Our dream at #ArtDistilled of turning an abandoned rum distillery in northern Colombia into the world’s largest graffiti museum has not only benefited from the talent and support of some remarkable street artists from across the globe, it has also benefited from the unique location of the distillery. Tucked away in the heart of the jungle, in the shadows of two of Colombia’s most ecologically important mountain ranges, there’s a special magic to the site which has inspired many of our visiting artists to create some of their best work. Along with our focus on graffiti, we also want this museum to pay tribute to, and help to protect, the wonderful biodiversity of this threatened region of Colombia. But what is it that makes this area so ecologically important?
To the north of the distillery lie the misty mountains of the Sierra Nevada de Santa Marta. Known to their Indigenous guardians as “The Heart of the World” these unique mountains predate the Andes and sit upon their own tectonic plate. From the palm-fringed beaches of the Caribbean to the glacial peaks of Colon and Bolivar (Colombia’s highest mountains), the Sierra Nevada rises from sea-level to almost 6,000 metres in just 26 miles, making them the tallest coastal mountains on earth! There are places along the Caribbean coast where it’s possible to stand with your feet in the sea and look at snow-capped glaciers in the distance: surely the only place on earth where such an experience is possible.

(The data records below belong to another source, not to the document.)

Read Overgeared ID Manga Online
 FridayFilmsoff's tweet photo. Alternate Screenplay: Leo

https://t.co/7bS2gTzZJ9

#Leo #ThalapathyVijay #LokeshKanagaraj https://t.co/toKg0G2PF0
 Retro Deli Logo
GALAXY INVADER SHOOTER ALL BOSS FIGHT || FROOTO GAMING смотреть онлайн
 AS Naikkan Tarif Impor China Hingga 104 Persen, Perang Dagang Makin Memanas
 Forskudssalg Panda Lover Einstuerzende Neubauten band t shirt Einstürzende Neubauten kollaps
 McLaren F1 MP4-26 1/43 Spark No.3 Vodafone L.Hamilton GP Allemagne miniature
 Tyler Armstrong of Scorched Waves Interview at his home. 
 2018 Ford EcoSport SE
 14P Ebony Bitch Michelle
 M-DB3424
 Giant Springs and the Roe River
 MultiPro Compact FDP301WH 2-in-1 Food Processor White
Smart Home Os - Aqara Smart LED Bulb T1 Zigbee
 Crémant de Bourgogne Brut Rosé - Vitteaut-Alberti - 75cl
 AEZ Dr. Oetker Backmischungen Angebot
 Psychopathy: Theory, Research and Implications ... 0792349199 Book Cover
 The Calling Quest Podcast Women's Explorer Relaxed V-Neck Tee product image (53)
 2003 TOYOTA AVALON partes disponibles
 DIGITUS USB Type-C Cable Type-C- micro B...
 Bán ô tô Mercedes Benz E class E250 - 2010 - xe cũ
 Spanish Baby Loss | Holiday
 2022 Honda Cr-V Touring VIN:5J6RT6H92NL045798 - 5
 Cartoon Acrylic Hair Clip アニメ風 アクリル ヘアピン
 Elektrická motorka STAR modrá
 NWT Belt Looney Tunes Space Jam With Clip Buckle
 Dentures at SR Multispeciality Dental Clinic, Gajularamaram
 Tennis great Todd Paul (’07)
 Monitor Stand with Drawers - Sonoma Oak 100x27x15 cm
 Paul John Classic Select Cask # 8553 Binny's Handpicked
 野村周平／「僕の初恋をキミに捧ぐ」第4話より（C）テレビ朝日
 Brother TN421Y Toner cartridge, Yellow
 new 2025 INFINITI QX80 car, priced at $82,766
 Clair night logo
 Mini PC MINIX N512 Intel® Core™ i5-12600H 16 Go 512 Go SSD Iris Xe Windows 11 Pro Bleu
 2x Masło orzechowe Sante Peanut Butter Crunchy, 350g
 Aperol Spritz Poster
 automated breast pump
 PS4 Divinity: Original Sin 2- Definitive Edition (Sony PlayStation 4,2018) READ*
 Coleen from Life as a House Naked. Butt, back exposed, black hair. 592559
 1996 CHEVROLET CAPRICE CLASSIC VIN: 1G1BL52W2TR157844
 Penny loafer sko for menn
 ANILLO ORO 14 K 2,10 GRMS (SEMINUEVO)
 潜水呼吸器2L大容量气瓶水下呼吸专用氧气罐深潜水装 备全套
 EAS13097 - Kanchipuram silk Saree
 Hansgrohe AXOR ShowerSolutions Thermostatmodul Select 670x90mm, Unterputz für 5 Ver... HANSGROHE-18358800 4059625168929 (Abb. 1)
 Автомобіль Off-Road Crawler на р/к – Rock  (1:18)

And the Sierra Nevada isn’t just a geological miracle; it’s an ecological one as well. Recently declared the most irreplaceable ecosystem on Planet Earth due to its staggering array of endemic and endangered species, the habitats that make up this magical place encompass just about everyone on earth, from coral reefs to high-altitude moorland. From the secretive jaguars stalking their jungles to the mighty condors which soar above their jagged, sacred peaks, the Sierra Nevada is home to some of Colombia’s most representative and endangered species. The staggering number of endemic species (species unique to the area) in the Sierra Nevada is part of what makes the region so irreplaceable – if we lose birds like the Santa Marta Parakeet or Blue-bearded Helmetcrest, there’s no saving them elsewhere; they will be gone for good.
To the south-east of our Graffiti Museum is one of South America’s least understood and most biodiverse mountain ranges: the Perija Mountains. Until recently no-go zones due to the Colombian conflict, these forgotten mountains straddle the border of Colombia and Venezuela and are part of the final stages of the Andes’ epic 7,000km journey along the length of the South American continent. Perija’s wildness once served as a shelter for two key fronts of the FARC guerrillas, but the area has been safe for a few years now and we are only just beginning to understand their ecological importance.
In its isolation, Perija has sheltered a biodiversity that potentially rivals its northerly neighbour the Sierra Nevada de Santa Marta. With four endemic bird species already discovered there (the Perija Tapaculo, Perija Metaltail, Perija Brushfinch, and Perija Thistletail), and potentially many more on the way as scientists begin to penetrate its lost valleys and moorlands, these mountains are vital to conservation efforts in Colombia. It would be a crime to lose the biodiversity of Perija before we have even had time to fully understand its depth and diversity.
There are potentially ten or more new endemic species to discover there, not to mention the number of new species of other flora and fauna that could potentially be living there.
The battle to protect the Sierra Nevada de Santa Marta and Perija is only just beginning, as the pressures of global warming, deforestation, and human expansion mount, and these ecosystems face an increasing threat to their survival. We are privileged at Dictador Art Masters that our Graffiti Museum lies in an important ecological corridor between these two endangered environments and we do not intend to waste that privilege.
Therefore, our #ArtDistilled project will have a strong conservation message. By raising awareness of the plight of this region and its biodiversity we hope to be able to play our part in ensuring that the most irreplaceable places on earth never have to be replaced.